Intron–Exon Organization and Phylogeny in a Large Superfamily, the Paralogous Cytochrome P450 Genes of Arabidopsis thaliana

Abstract
The cytochrome P450 gene superfamily is represented by 80 genes in animal genomes and perhaps more than 300 genes in plant genomes. We analyzed about half of all Arabidopsis P450 genes, a very large dataset of truly paralogous genes. Sequence alignments were used to draw phylogenetic trees, and this information was compared with the inton–exon organization of each P450 gene. We found 60 unique intron positions, of which 37 were phase 0 introns. Our results confirm the polyphyletic origin of plant P450 genes. One group of these genes, the A-type P450s, are plant specific and characterized by a simple organization, with one highly conserved intron.
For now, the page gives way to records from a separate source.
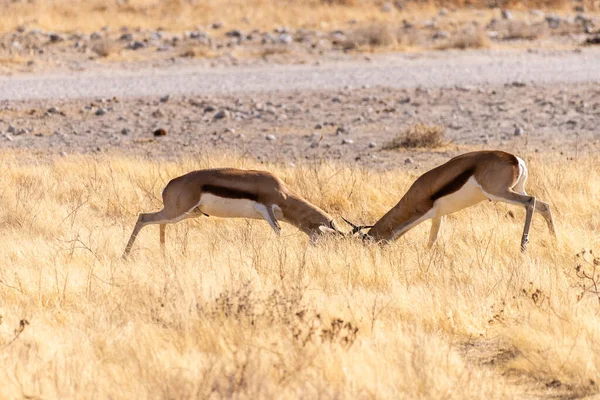 Telephoto Shot Two Impalas Aepyceros Melampus Engaging Head Head Fight — Stok fotoğraf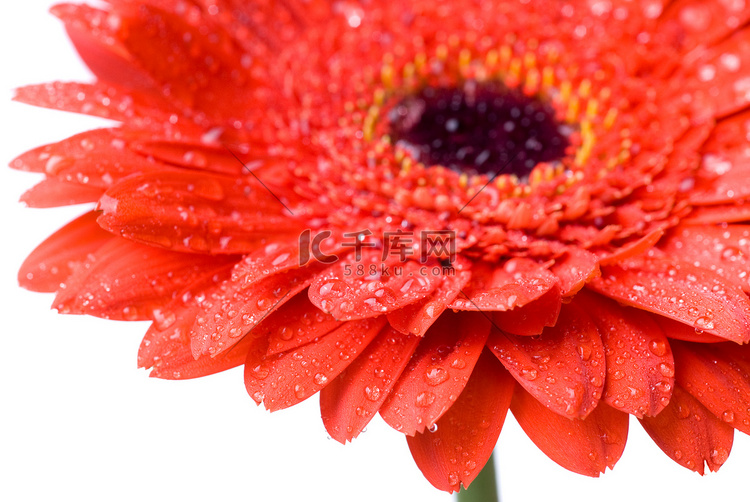 红色雏菊非洲菊头与水滴上 wh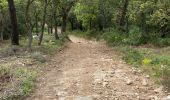 Trail Walking Grimaud - Beauvallon. Plan de la tour et retour  - Photo 9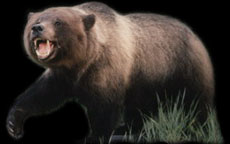 GRIZZLY-LOGO-PHOTO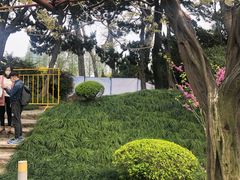 -嘉定紫藤园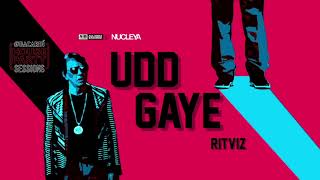 Ritviz  Udd Gaye Instrumental [upl. by Novyaj]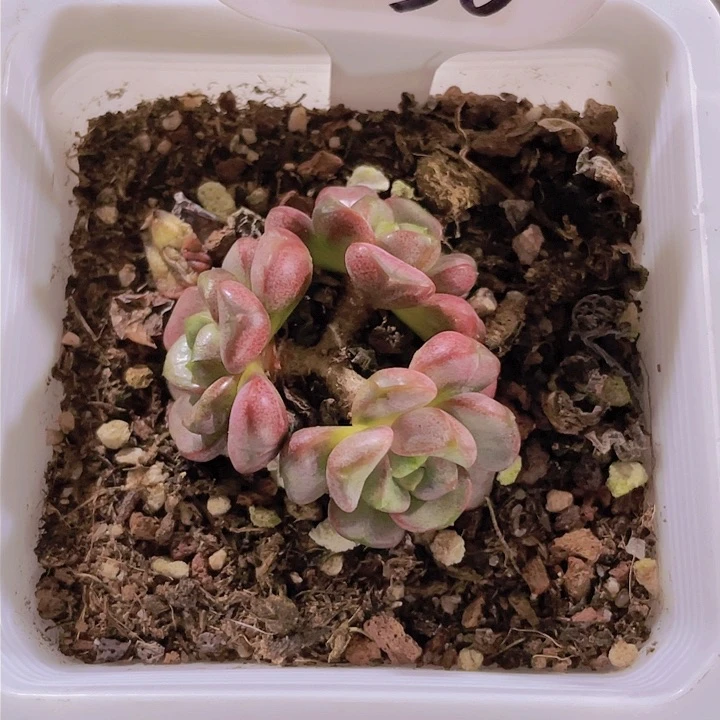 雲*泽葡萄d030一物一拍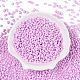 Выпечка краска стеклянные бусины SEED-T006-03L-1
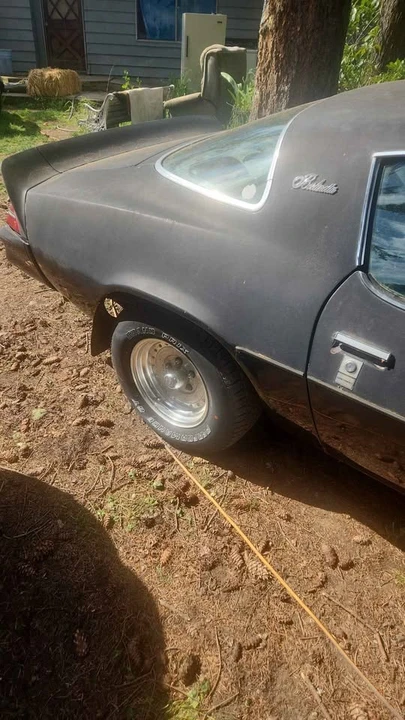 1981 Chevrolet Camaro 2nd Gen - Image 12 of 13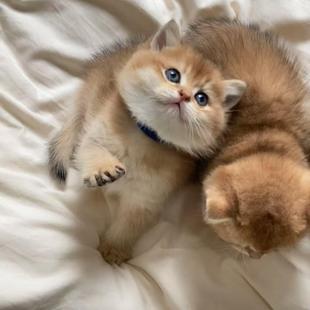 Ӣ�̌���؈��u��؈����؈���w�y�u�ӽ��c�y�c��؈�̻���С؈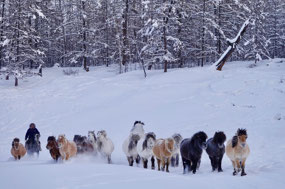 Yakut Ponies in Fine Condition (c. Ed)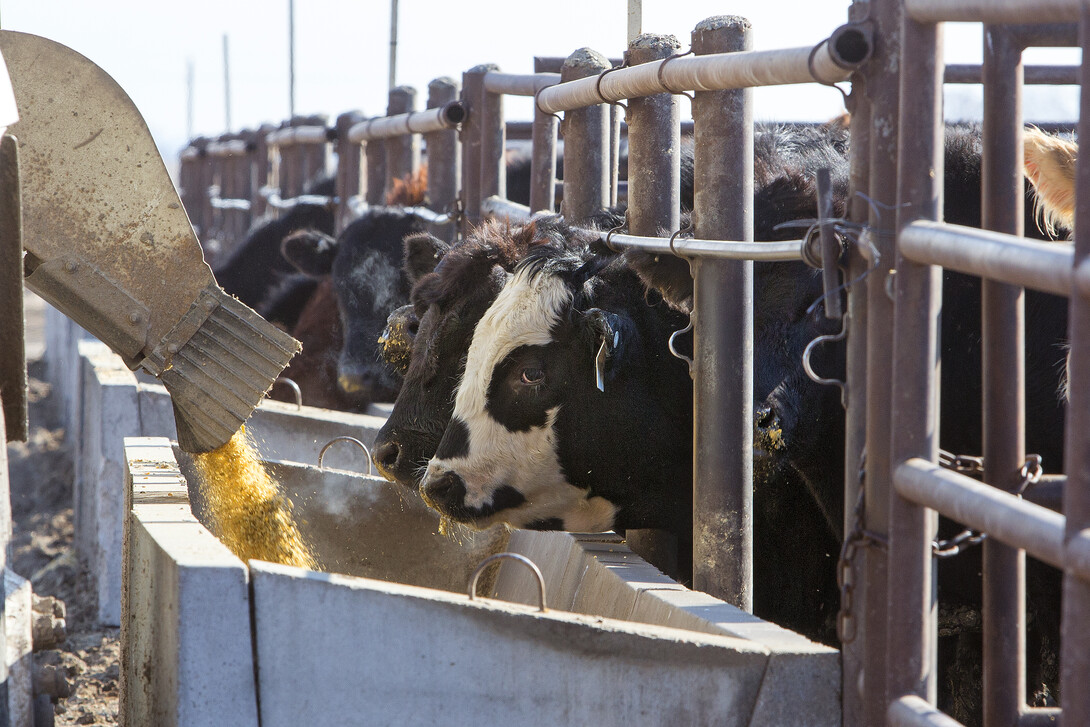 cattle feeding on corn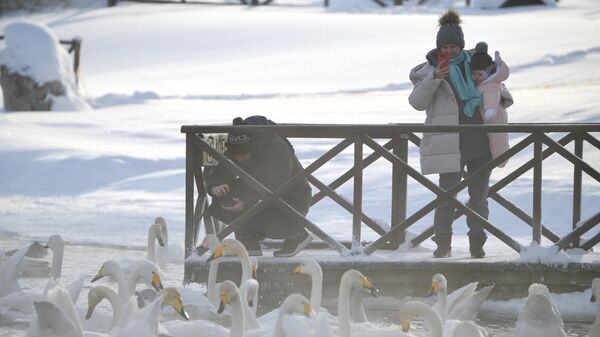 Туристы фотографируют лебедей, зимующих на Лебедином озере в Алтайском крае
Closely related A-type P450 genes are often clustered in the genome with as many as a dozen genes (e.g., of the CYP71 subfamily) on a short stretch of chromosome. The other P450 genes (non-A-type) form several distinct clades and are characterized by numerous introns. One such clade contains the two CYP51 genes, which are thought to encode obtusifoliol 14 alpha demethylase. The two CYP51 genes have a single intron that is not shared with CYP51 genes from vertebrates or fungi, or with any other Arabidopsis P450 gene. Only a few of the Arabidopsis P450 genes are intronless (e.g., the CYP710A and CYP96A subfamilies). There was a relatively good correlation between intron conservation and phylogenetic relationships between members of the P450 subfamilies. Gene organization appears to be a useful tool in establishing the evolutionary relatedness of P450 genes, which may help in predictions of P450 function.